Un élu fâché avec les comptes quand il fait son marché
Il n’est pas le seul à tomber sous ce couperet, de nombreux autres candidats en France subissent le même sort, et à Mayotte, Siaka Mahamoudou, conseiller en insertion, et moins connu du paysage politique ici, est condamné à la même peine d’inéligibilité de 3 ans.
Si c’est un coup de tonnerre pour Mouslim Abdourahaman, c’est qu’il est également maire de la commune de Boueni. Pour autant, l’élu ne devrait pas être inquiété pour son actuel mandat, l’alinéa 2 de l’article cité ci-dessus précisant que « L’inéligibilité déclarée sur le fondement du présent article est prononcée pour une durée maximale de trois ans et s’applique à toutes les élections.

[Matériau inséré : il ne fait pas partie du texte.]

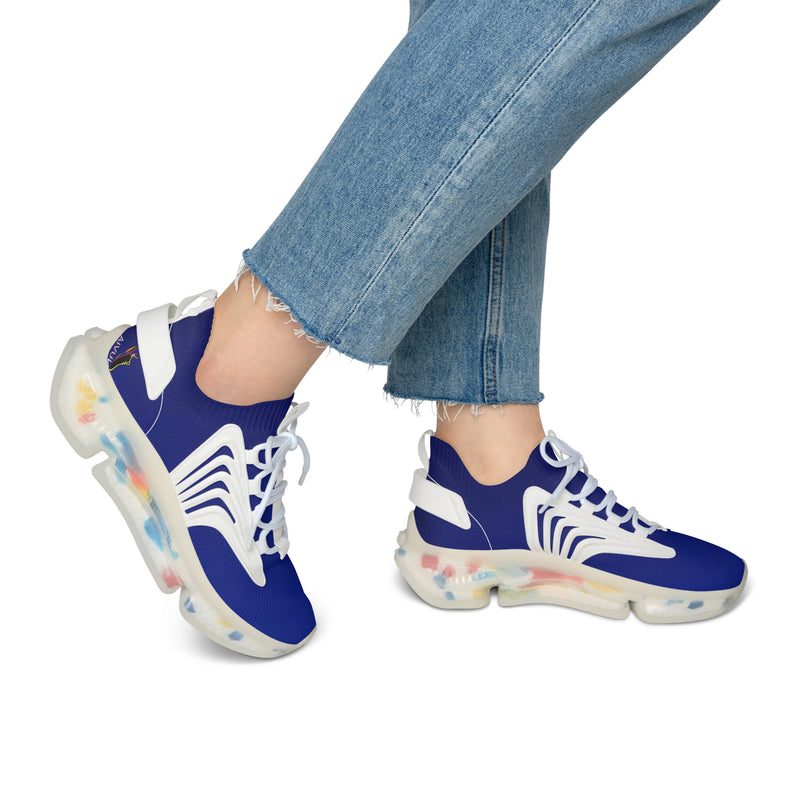 Stylish Women's Mesh Sneakers | Lightweight Athletic Shoes, Casual Wear, Daily Comfort, Outdoor Running, Trendy Footwear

Toutefois, elle n’a pas d’effet sur les mandats acquis antérieurement à la date de la décision. » Cela implique par contre qu’il ne pourra se représenter à sa propre succession lors des prochaines municipales en 2026.
Le maire avait d’ailleurs eu quelques soucis avec la justice puisque placé en garde à vue en février dernier à la suite d’un rapport de la Chambre régionale des comptes soulignant une « méconnaissance du code des marchés publics », avec des constats de saucissonnage de marchés pour éviter la mise en concurrence.